Arguments in a seminal copyright case are being heard at the US Supreme Court this week, as Supap Kirtsaeng defends his right to have imported to America and resold copies of textbooks produced and distributed in Asia. The books were produced in Asia by the American publishing house John Wiley & Sons and meant for distribution only within Asia. Kirtsaeng, originally from Thailand, began importing these lower-priced copies and selling them at a profit to American students while he studied at an American university. John Wiley & Sons has now sued him for damages.
There are a number of points of law to be untangled in an analysis of this case. Firstly, there is the “first sale doctrine,” which dictates that the producer of the good or owner of the intellectual property can only profit from the first sale of that item.
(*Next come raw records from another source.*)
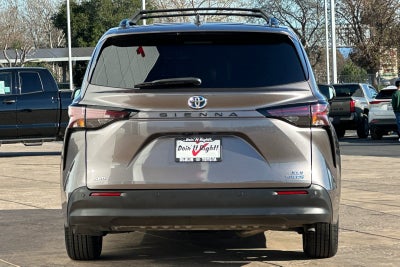 2024 Toyota Sienna XLE 7 Passenger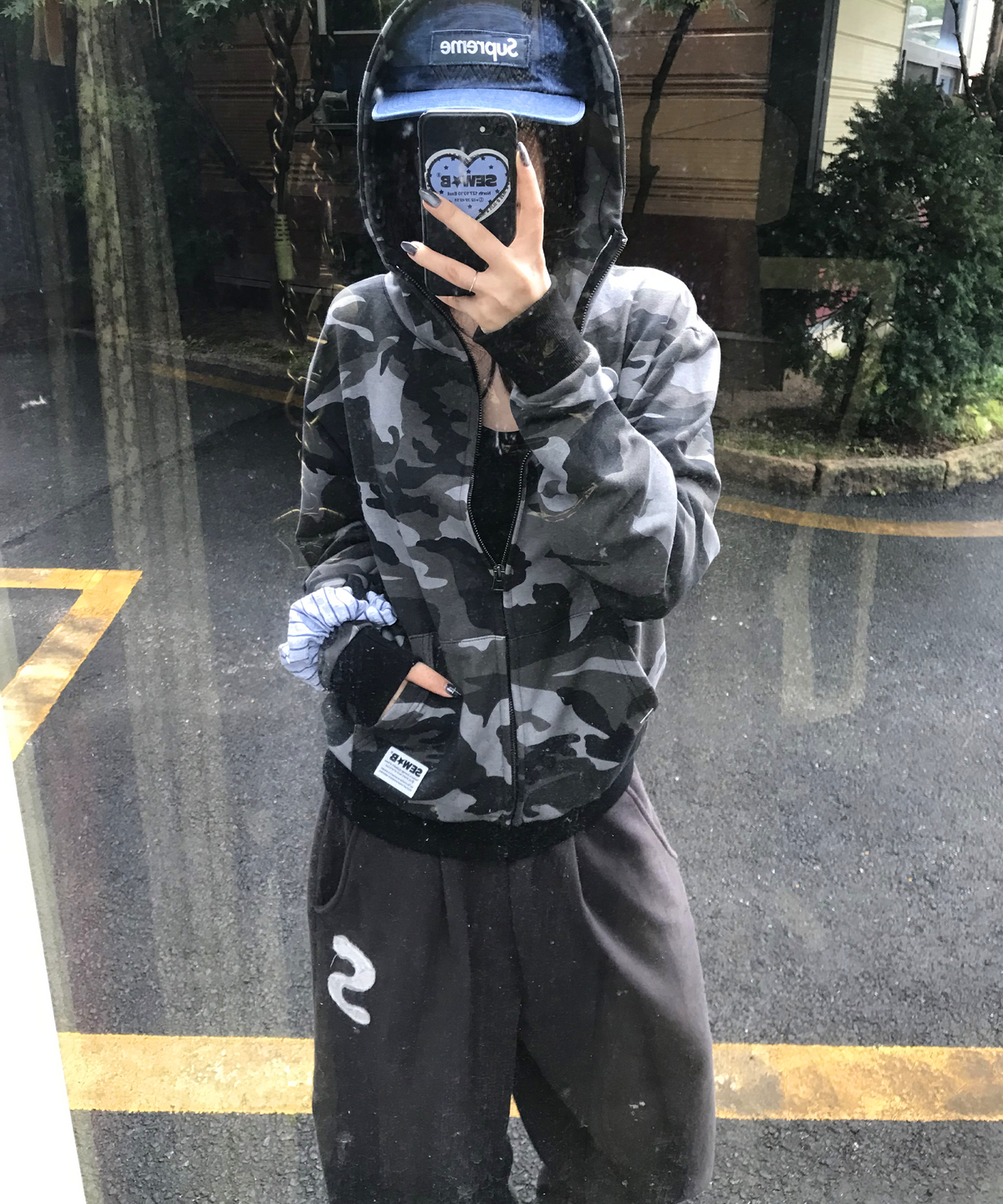 쏘비(SEW-B) 하이넥 black camo (세미오버) 후드집업
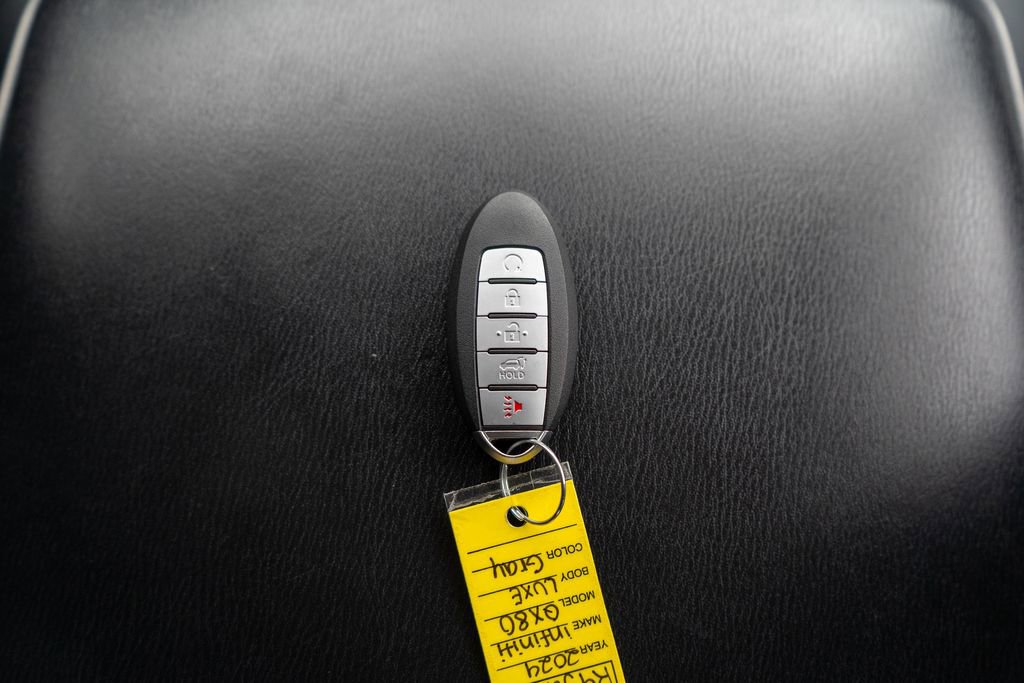 Used 2024 INFINITI QX80 Luxe image 36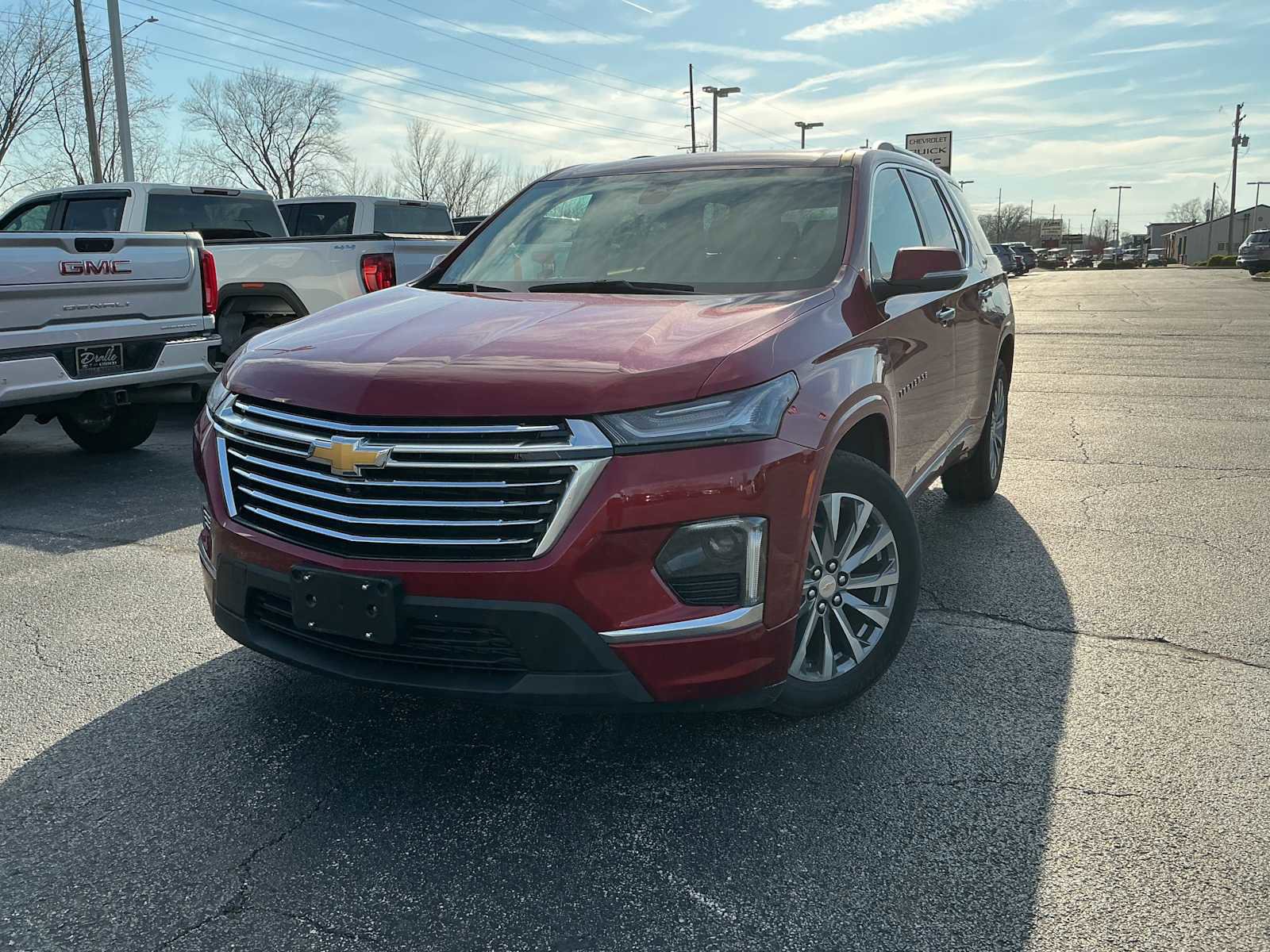 Used 2023 Chevrolet Traverse Premier FWD image 3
If a consumer lawfully purchases a copyrighted item, they can they go on to sell it at their leisure if they choose to do so. Possibly conflicting with this are the laws that govern foreign distribution rights. While the “first sale doctrine” clearly applies to goods produced and purchased within the United States, does it apply to goods produced and purchased elsewhere in the world?
Policy factors will undoubtedly figure in the judges’ decisions, as a finding against Kirtsaeng could have weighty consequences. If foreign-produced goods were no longer allowed to be resold or otherwise redistributed within the United States, institutions like libraries would face serious turmoil. Companies would have incentive to move all their factories out of the United States, as every resale of their foreign-produced product would entitle them to a cut of the proceeds. Lastly, the continuing growth of internet-based transactions would make ascertaining just where something like an e-book or computer program was produced and sold very challenging.
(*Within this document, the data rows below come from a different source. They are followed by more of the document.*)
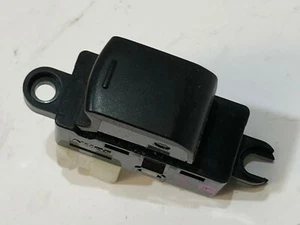 INTERRUPTOR VENTANA PUERTA TRASERA DERECHA LADO CONDUCTOR NISSAN NOTE E12 MK2 /2013-19 - Imagen 1 de 7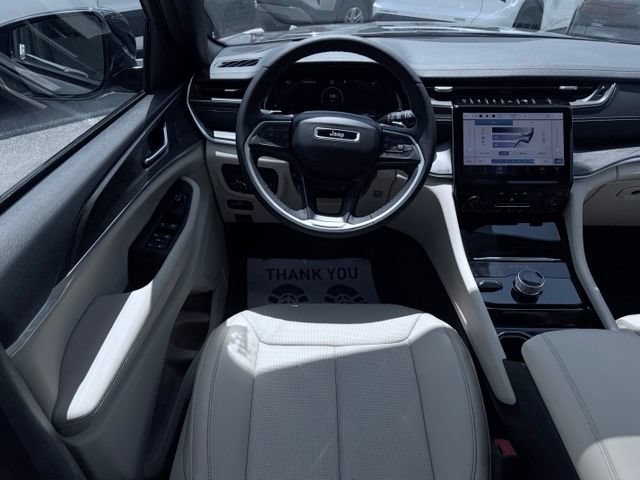 Used 2023 Jeep Grand Cherokee L Limited w/ Luxury Tech Group II AWD/4WD image 40
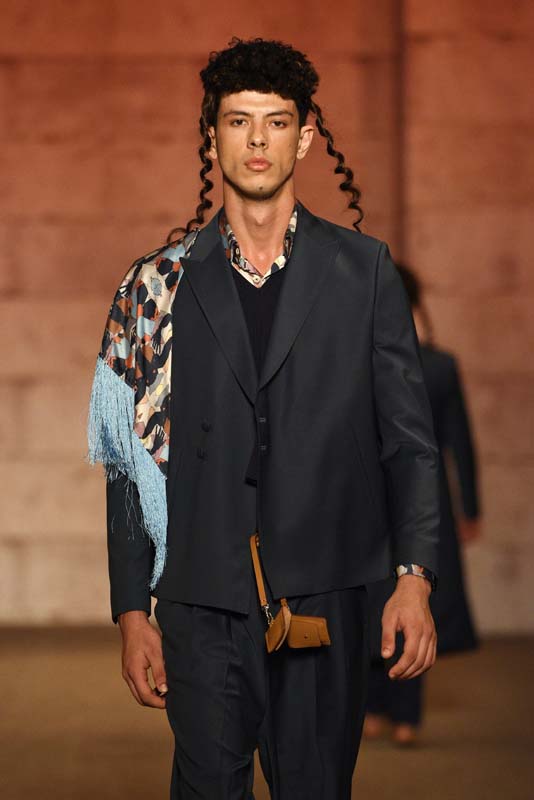 Emre Erdemoğlu A/W 21 Koleksiyonu: Beni Bağrına Bas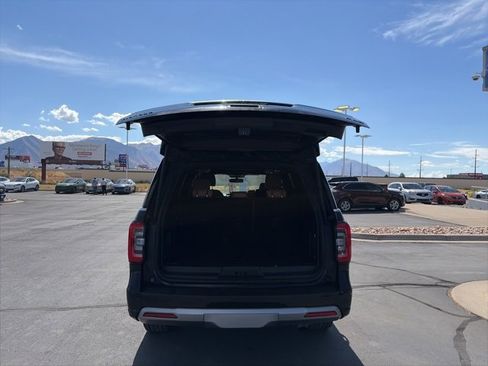 Used 2024 Ford Expedition Max Platinum image 19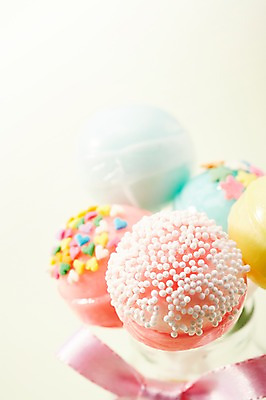 포토 JPG 스튜디오촬영 기념일 리본 음식 백그라운드 화이트데이 유리병 디저트 실내 막대사탕 사탕 근접촬영 사람없음 아웃포커스 달콤 오브젝트 국내포토 뷰포인트 데이이벤트 병_용기 촬영기법 이벤트 내부 맛 파일형식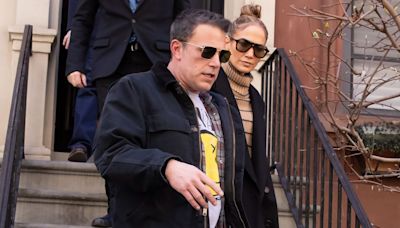 Jennifer Lopez y Ben Affleck, juntos en un hotel "cogidos de la mano y besándose" tras su divorcio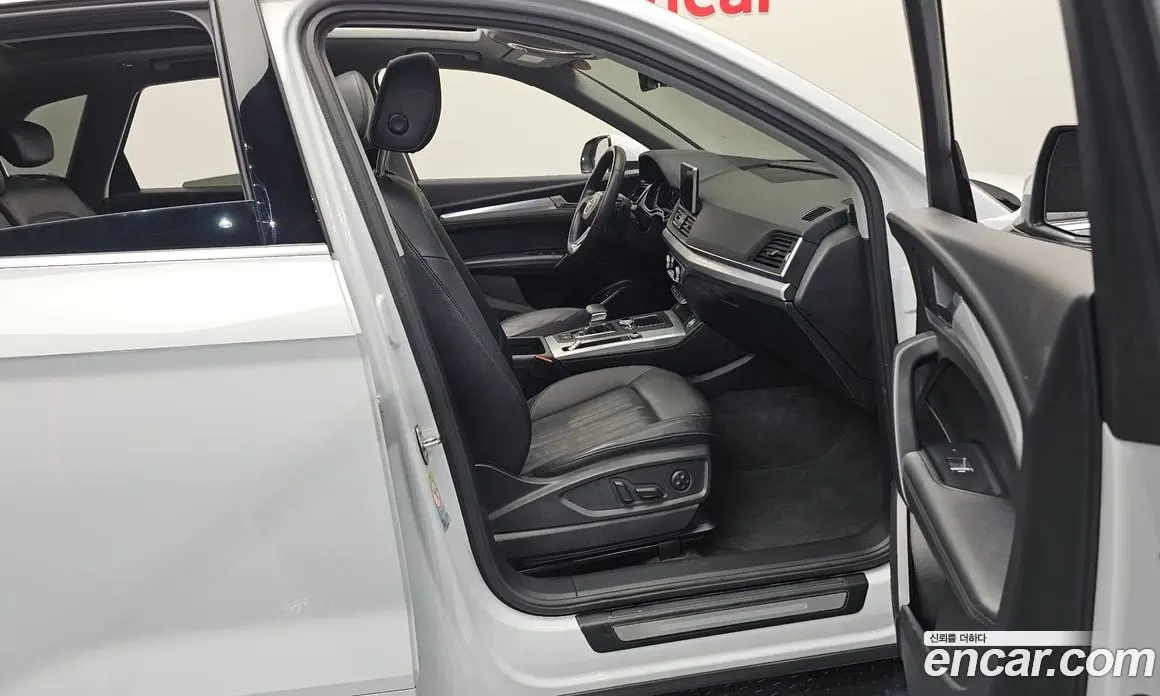 Audi Q5 2020 2.0 автомат (гидро), фото 16
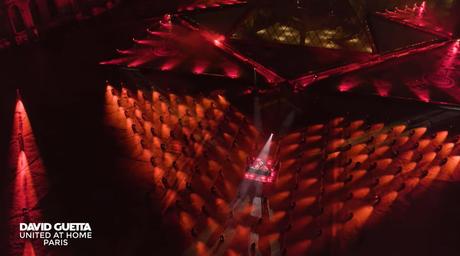 David Guetta y su espectacular despliegue de luz y sonido de año nuevo en el Louvre 28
Given the possible impact of the case, it has garnered attention from not only the copyright and intellectual property law field, but from the Obama administration, publishing companies, and a number of other groups representing consumer and retail interests. While all eyes are on the courtroom, it’s likely that Kirtsaeng’s are on his wallet – now a professor in Thailand, he’s stated he’ll be unable to pay any damages if Wiley & Sons wins.